Appeal by the defendant from a judgment of the Supreme Court, Queens County (Di Tucci, J.), rendered January 15, 1987, convicting him of criminal possession of a controlled substance in the third degree and criminal possession of a controlled substance in the seventh degree, upon a jury verdict, and imposing sentence. The appeal brings up for review the denial, after a hearing, of that branch of the defendant’s omnibus motion which was to suppress physical evidence.
Ordered that the judgment is affirmed.
At the suppression hearing, Police Officer Kenneth Igel testified that at a location known to be the site of narcotics-related activity, he observed an individual giving the defendant money followed by the defendant removing from his pocket a glassine envelope. When the officer approached these two individuals, the buyer walked away. The officer then approached the defendant, asked him what he was doing, and then reached into the defendant’s jacket pocket and removed a larger envelope containing several smaller glassine enve*672lopes in which there were narcotics. Officer Igel thereupon arrested the defendant.
On appeal, the defendant contends that the officer did not have probable cause to arrest him, and therefore that the evidence should have been suppressed. We do not agree. The officer’s testimony was credible and the exchange of money, coupled with the observance by the officer of a glassine envelope, provided the requisite probable cause needed to arrest the defendant, particularly so in light of the fact that this officer was well aware that the area had been the site of narcotics-related activity (see, People v McRay, 51 NY2d 594; People v Goggans, 155 AD2d 689).

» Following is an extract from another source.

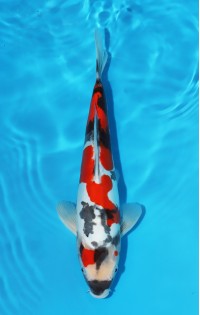 JP 427 - Doitsu showa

Since there existed probable cause to arrest the defendant at the time the evidence was obtained, "[i]t is immaterial that the seizure of this evidence occurred immediately before, rather than simultaneously with, the formal arrest” (People v Goggans, supra, at 691; see also, People v Landy, 59 NY2d 369; People v Evans, 43 NY2d 160).
The remaining contentions raised by the defendant, including his claim that his sentence was excessive, have been considered and we find them to be either unpreserved for appellate review or without merit. Bracken, J. P., Brown, Lawrence and Hooper, JJ., concur.